# gabriels horn: find a p for a p-series in such a way that the volume and surface area are infinite

given the function $\frac {1}{x^p}$ revolved around the x-axis find a p value such that the volume and the surface area of the revolved solid is infinite.

I am not sure if such a function actually exist, thus far i have only figured out that functions either converge and diverge for the volumen and surface area. i would appreciate any help.

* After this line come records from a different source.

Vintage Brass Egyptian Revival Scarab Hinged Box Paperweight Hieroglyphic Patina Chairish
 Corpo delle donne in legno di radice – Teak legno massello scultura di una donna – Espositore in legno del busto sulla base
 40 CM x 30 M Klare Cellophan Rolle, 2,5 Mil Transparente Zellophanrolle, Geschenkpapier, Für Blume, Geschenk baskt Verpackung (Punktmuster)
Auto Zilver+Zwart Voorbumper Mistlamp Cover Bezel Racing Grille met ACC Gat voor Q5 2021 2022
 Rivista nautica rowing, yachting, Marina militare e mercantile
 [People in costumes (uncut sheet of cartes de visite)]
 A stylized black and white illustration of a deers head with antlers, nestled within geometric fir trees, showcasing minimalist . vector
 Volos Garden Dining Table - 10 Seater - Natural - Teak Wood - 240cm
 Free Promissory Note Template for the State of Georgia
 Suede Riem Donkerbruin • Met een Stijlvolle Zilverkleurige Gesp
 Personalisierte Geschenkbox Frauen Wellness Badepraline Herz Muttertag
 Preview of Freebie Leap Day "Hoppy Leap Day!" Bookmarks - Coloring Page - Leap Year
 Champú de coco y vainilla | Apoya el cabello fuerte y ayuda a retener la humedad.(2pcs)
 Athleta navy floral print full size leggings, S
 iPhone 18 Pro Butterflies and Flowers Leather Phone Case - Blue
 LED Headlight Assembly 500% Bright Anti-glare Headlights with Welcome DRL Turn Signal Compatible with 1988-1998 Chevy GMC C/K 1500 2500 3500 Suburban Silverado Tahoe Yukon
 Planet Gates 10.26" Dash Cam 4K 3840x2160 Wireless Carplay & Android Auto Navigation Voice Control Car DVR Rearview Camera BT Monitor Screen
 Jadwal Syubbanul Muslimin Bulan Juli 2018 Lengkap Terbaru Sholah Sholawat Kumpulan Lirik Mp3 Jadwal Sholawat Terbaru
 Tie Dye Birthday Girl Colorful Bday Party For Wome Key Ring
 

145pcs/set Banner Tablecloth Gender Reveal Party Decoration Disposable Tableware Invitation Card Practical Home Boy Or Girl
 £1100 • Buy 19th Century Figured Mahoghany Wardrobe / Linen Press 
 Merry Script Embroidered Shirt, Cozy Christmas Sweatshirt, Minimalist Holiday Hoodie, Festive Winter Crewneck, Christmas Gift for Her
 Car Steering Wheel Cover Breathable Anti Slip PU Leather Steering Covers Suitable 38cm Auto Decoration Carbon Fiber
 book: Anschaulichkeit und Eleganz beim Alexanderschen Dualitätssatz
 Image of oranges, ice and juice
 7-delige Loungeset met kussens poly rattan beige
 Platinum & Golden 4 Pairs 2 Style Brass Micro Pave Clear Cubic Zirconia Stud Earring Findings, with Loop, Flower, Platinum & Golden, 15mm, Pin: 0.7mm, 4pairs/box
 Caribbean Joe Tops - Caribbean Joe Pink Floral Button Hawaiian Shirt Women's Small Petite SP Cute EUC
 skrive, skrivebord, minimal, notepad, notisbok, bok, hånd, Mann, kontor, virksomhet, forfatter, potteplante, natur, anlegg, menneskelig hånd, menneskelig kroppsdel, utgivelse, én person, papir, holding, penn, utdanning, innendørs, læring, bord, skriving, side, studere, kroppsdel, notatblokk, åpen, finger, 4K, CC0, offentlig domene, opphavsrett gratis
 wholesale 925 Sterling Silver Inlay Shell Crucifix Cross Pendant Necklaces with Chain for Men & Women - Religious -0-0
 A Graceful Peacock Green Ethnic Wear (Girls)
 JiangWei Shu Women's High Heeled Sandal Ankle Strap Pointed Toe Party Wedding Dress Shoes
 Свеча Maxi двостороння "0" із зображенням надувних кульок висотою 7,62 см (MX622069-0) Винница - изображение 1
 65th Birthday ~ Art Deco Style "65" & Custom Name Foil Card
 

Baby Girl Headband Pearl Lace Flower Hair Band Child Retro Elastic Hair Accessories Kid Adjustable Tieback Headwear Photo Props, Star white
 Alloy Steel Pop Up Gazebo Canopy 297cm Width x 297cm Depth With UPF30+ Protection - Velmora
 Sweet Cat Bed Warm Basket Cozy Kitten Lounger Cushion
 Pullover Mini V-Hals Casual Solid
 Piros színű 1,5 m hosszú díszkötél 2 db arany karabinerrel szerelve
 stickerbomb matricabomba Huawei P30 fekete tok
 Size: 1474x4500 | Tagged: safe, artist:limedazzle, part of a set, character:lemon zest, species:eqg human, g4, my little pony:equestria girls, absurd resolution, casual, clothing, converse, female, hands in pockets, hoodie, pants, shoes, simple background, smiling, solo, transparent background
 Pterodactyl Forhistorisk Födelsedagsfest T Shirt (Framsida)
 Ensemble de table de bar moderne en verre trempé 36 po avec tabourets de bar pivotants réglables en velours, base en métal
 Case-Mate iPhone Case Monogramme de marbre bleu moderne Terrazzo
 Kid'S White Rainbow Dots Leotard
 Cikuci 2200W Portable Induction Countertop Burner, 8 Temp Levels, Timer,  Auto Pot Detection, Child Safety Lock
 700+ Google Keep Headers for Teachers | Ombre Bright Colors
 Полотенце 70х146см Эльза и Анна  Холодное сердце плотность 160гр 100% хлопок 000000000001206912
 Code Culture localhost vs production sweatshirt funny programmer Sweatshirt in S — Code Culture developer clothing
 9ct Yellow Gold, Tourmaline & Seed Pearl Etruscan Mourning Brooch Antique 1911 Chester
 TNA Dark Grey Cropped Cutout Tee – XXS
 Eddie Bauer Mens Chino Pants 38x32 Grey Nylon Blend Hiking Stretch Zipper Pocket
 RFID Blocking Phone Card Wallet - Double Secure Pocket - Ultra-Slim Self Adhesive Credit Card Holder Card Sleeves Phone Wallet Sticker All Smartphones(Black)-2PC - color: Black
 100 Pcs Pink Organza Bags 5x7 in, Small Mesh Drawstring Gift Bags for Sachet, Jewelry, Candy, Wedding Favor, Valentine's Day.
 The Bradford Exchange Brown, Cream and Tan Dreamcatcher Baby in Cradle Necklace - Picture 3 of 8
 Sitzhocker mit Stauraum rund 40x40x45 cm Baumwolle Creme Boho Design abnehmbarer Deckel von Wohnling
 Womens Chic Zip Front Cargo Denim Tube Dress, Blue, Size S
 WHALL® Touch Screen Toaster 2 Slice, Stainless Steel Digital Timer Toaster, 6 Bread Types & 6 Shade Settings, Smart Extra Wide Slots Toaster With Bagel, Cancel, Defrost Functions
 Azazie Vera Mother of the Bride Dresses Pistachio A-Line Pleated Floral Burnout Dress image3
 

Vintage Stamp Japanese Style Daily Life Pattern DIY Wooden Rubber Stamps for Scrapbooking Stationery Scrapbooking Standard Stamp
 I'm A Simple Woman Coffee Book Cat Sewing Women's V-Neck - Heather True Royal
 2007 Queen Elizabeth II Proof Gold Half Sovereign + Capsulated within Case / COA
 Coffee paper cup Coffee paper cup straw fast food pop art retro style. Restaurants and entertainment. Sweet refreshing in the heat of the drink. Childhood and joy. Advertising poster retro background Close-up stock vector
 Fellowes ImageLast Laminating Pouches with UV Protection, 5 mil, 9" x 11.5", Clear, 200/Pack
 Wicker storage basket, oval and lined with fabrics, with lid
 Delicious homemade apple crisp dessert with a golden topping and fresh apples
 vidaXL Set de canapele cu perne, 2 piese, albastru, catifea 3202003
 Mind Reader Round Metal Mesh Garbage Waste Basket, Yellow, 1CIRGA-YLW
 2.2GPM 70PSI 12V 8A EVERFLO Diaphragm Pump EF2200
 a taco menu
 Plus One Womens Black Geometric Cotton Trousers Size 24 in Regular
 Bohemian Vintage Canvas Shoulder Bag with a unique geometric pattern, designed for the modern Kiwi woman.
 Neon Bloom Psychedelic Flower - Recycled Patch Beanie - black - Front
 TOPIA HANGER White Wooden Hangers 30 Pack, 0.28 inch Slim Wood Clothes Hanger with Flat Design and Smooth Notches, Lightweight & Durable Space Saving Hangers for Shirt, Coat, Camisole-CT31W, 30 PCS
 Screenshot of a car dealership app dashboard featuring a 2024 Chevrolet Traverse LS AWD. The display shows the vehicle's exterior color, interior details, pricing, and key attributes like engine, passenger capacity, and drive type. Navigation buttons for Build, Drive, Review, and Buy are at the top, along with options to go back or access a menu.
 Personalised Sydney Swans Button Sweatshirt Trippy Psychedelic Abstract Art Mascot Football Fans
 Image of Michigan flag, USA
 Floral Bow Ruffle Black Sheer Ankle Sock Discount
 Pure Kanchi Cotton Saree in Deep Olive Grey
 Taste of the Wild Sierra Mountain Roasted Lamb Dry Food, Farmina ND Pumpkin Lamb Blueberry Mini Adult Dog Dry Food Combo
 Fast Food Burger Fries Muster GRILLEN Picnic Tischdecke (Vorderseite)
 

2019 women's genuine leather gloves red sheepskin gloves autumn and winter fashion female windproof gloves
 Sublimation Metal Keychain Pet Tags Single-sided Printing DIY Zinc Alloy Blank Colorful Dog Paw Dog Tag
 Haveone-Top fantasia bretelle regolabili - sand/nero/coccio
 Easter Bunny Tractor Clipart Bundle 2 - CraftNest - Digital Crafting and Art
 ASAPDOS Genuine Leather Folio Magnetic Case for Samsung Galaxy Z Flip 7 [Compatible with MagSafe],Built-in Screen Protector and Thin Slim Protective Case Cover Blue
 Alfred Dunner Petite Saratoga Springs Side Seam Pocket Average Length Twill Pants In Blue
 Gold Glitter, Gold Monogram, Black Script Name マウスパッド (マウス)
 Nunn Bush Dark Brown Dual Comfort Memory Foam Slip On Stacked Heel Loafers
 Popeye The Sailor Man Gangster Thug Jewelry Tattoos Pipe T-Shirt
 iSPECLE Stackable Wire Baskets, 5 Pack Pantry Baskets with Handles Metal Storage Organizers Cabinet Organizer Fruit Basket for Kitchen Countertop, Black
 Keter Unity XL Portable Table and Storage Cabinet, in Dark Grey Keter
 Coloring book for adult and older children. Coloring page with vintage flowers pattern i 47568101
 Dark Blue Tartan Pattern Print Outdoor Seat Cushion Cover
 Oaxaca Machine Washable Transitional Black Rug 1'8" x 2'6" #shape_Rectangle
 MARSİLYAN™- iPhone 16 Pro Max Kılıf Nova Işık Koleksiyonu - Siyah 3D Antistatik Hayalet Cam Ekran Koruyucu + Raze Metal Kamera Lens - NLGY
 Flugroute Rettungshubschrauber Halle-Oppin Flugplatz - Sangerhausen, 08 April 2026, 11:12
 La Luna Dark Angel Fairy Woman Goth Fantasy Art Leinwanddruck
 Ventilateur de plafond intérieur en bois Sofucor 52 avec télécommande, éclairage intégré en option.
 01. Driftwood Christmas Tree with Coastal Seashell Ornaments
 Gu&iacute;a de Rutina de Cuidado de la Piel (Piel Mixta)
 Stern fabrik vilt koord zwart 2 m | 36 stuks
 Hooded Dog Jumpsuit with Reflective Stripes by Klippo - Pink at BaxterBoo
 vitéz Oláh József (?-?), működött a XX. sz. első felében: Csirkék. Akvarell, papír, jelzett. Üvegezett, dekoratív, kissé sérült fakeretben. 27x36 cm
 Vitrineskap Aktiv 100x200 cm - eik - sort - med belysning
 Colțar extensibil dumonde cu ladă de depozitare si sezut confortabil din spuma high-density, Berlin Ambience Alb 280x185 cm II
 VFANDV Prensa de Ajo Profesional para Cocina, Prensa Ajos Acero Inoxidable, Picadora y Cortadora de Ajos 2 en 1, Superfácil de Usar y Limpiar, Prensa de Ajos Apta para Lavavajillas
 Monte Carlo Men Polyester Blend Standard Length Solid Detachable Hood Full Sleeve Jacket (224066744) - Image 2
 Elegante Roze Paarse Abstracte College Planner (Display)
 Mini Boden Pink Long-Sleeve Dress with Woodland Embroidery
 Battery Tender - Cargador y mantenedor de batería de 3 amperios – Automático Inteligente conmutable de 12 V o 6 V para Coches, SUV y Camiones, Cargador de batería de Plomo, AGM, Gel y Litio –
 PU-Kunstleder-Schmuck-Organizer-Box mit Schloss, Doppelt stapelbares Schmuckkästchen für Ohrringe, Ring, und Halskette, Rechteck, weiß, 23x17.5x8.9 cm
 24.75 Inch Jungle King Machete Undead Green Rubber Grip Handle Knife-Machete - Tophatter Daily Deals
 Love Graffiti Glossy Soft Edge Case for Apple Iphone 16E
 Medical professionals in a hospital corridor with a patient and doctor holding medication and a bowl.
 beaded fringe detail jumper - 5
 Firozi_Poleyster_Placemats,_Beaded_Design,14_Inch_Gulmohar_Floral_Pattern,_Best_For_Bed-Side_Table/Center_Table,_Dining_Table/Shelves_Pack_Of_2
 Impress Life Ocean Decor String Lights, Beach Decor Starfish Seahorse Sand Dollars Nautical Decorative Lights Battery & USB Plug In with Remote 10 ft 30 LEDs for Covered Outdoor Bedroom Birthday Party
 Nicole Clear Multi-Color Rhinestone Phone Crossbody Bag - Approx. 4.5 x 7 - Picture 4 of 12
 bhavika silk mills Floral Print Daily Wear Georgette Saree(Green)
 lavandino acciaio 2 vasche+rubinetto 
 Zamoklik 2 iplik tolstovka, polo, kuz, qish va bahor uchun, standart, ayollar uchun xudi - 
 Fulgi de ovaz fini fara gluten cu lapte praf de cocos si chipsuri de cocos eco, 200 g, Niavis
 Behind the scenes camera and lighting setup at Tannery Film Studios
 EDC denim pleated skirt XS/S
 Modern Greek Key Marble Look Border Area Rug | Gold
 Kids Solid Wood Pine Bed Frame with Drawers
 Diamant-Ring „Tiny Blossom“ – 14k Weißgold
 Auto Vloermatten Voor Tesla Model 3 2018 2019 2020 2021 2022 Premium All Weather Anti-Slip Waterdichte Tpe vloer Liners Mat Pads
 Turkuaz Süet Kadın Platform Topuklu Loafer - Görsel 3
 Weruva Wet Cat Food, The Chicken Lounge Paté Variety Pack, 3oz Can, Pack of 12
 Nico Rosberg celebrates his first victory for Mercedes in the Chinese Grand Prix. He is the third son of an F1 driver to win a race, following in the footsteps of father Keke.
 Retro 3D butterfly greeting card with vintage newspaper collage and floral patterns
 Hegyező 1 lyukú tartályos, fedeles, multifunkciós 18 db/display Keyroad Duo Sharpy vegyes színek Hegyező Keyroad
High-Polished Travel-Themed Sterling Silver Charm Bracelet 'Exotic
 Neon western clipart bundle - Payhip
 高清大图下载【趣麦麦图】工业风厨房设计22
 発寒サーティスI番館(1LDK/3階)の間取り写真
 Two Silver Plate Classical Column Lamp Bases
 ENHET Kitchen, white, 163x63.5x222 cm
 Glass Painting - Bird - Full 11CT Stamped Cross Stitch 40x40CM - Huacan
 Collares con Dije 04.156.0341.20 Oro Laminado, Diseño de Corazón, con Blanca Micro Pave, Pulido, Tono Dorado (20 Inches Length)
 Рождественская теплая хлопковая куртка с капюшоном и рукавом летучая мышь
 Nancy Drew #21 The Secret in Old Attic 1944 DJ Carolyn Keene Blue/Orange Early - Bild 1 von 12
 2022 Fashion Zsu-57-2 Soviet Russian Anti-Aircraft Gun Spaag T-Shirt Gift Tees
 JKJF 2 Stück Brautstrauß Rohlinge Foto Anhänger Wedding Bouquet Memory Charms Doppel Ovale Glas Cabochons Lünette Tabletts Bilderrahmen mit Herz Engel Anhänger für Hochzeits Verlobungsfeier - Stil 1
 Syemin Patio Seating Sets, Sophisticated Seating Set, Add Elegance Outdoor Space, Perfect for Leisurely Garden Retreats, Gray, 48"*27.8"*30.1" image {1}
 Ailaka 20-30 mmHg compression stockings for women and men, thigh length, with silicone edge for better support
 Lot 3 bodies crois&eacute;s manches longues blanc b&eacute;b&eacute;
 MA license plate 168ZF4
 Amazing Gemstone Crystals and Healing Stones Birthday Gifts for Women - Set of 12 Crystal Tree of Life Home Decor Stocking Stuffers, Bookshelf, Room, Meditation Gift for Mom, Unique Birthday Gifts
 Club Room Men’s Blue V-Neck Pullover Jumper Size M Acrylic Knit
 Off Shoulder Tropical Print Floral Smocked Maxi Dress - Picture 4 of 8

• Do you have integrals representing the volume and surface area for general $p$? If so please post them as part of the question... – rogerl Nov 21 '17 at 17:43

Let $p=\dfrac{1}{2}$. Then $f(x)=\dfrac{1}{\sqrt{x}}$ and the volume of the horn generated by revolving the region under $f(x)$ around the x axis is $\pi \int_1^{\infty} \dfrac{dx}{x}=\infty$. The surface area of that solid is $2\pi \int_1^{\infty}\,\dfrac{1}{\sqrt{x}}\sqrt {1+(4\,{x}^{3})^{-1}}dx=2\pi \int_1^{\infty}\,{\frac {\sqrt {4\,{x}^{3}+1}}{2{x}^{2}}}dx\geq \pi \int_1^{\infty}\,{\frac {2\sqrt {\,{x}^{3}}}{{x}^{2}}}dx=2\pi \int_1^{\infty}\,{\frac {1}{\sqrt{x}}}dx=\infty$. It will still work for any $p$ satisfying $0<p\leq \dfrac{1}{2}.$ For $\dfrac{1}{2}<p\leq 1$ the volume will be finite but the surface area will still be infinite. For $p>1$ both will be finite. Here is the work for the general case: Volume $\pi \int_1^{\infty} \dfrac{dx}{x^{2p}}=\infty$ if $p\leq \dfrac{1}{2}.$ Surface area is $2\pi \int_1^{\infty}\,f(x)\sqrt {1+(f'(x))^{2}}dx=2\pi \int_1^{\infty}\,\dfrac{1}{{x}^{p}}\sqrt {1+\dfrac{p^2}{x^{2p+2}}}dx=2\pi \int_1^{\infty}\,\dfrac{1}{{x}^{2p+1}}\sqrt {x^{2p+2}+p^2}dx$ which is very close to $2\pi \int_1^{\infty}\,\dfrac{1}{{x}^{2p+1}}\sqrt {x^{2p+2}}dx=2\pi \int_1^{\infty}\,\dfrac{1}{{x}^{p}} dx$. Therefore the surface area is infinite when $0<p\leq 1$ and finite otherwise.